See also: ideal video length by use case for a quick-reference version of these recommendations.

FAQ

How long should a 2026 explainer video be?

60 to 90 seconds remains the benchmark for a standard product or service explainer video in 2026. Audience attention spans have not gotten longer, and the data from platforms like Wistia and Vidyard continues to show that completion rates are highest for videos under 2 minutes. That said, the "right" length depends on context. A training explainer might run 3-5 minutes. A social media explainer might be 30 seconds. Start with 60-90 seconds as your default, and adjust based on purpose, platform, and audience.

Is a 3-minute explainer video too long?

Not necessarily, but it depends on the context. For a landing page or social media, 3 minutes is almost certainly too long -- most viewers will not make it to your call to action. For a product demo aimed at prospects who are actively evaluating your product, 3 minutes can work well because the audience is motivated to watch. For YouTube, 3 minutes is actually on the short side. The question to ask is: does every second of the video deliver value, and does the platform support that runtime? If you find that your analytics show a steep drop-off before the 3-minute mark, it is too long for that audience.

What is the ideal length for a training video?

2 to 5 minutes per topic for most corporate training content. Research on microlearning consistently shows that shorter, focused modules drive higher completion rates and better knowledge retention than long-form lectures. For compliance and safety training that must cover regulatory requirements, 5-15 minutes per module is acceptable, but use chapters and knowledge checks to maintain engagement. The "one concept per video" rule applies here: split a 20-minute training session into four focused modules rather than delivering it as a single block.

How long should a product demo video be?

90 seconds to 3 minutes for most product demos. The audience for a demo video is typically further down the funnel than the audience for a general explainer -- they already know what the product is and want to see it in action. This means they will tolerate a slightly longer runtime, but they still value efficiency. Lead with the most compelling feature or use case, not with setup or context. If the product is complex and the demo needs to cover multiple workflows, split it into a series of focused demos rather than one long walkthrough.

Does video length affect SEO?

Yes, but indirectly. Search engines do not directly rank pages higher because they contain longer or shorter videos. However, video length affects user behavior metrics that search engines do care about: time on page, bounce rate, and engagement signals.
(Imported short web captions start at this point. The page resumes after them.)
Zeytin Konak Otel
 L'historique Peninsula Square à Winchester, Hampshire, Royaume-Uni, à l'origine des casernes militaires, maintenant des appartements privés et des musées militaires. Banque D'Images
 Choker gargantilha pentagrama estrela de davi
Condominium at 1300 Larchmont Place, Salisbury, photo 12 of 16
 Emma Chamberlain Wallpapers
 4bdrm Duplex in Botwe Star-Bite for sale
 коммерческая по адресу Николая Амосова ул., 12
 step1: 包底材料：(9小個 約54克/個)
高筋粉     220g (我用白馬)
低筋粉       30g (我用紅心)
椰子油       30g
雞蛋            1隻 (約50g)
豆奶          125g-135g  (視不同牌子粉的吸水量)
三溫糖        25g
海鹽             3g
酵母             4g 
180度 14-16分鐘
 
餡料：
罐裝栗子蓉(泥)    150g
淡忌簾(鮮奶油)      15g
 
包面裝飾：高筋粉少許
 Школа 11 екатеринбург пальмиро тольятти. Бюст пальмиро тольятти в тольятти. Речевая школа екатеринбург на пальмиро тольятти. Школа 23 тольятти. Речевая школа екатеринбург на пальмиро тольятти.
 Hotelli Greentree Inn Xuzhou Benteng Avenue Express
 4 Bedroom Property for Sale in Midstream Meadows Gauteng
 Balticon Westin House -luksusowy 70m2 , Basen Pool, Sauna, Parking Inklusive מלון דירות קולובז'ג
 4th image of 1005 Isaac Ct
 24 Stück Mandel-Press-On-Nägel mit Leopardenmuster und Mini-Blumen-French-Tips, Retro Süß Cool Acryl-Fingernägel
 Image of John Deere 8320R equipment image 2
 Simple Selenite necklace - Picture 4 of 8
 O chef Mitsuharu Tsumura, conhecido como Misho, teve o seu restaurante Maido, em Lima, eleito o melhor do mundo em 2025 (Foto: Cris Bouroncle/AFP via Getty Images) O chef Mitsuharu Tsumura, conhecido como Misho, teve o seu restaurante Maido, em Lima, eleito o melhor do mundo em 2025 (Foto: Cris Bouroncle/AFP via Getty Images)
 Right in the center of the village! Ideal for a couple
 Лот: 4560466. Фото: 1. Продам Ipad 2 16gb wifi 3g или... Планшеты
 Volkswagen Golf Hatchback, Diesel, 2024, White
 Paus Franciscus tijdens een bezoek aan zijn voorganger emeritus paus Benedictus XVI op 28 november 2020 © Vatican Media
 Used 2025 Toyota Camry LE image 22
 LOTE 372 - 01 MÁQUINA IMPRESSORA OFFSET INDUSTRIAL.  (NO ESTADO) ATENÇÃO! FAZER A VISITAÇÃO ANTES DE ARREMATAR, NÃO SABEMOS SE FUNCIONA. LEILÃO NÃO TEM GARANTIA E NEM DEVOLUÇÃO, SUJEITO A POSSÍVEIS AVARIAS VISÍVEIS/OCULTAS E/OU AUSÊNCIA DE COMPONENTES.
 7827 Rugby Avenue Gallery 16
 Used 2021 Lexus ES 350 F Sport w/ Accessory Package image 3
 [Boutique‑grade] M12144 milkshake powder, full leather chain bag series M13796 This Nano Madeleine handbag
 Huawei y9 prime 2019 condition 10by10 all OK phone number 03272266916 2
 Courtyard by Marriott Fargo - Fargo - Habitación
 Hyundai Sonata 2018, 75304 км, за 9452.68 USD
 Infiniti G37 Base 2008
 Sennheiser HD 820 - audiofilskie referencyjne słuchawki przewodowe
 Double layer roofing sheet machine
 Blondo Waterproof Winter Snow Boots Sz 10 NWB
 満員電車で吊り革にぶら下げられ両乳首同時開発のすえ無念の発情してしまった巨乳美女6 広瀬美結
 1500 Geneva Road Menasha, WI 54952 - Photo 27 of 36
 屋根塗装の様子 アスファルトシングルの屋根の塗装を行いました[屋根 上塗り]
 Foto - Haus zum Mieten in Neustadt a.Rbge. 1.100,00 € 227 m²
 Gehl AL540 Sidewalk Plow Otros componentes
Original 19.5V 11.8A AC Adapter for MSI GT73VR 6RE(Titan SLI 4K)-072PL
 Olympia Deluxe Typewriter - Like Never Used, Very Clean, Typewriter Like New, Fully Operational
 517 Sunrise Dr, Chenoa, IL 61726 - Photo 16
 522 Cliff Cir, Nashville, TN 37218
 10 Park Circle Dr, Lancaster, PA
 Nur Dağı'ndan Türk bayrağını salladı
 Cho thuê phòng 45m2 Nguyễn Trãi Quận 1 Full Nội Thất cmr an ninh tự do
A well-placed 90-second explainer video on a landing page can increase average time on page and reduce bounce rate, both of which are positive signals. On YouTube specifically, longer videos that maintain strong viewer retention can rank higher in search results because YouTube's algorithm favors total watch time. The best approach for SEO is not to optimize for a specific video length, but to match the length to the content and ensure the video holds attention throughout.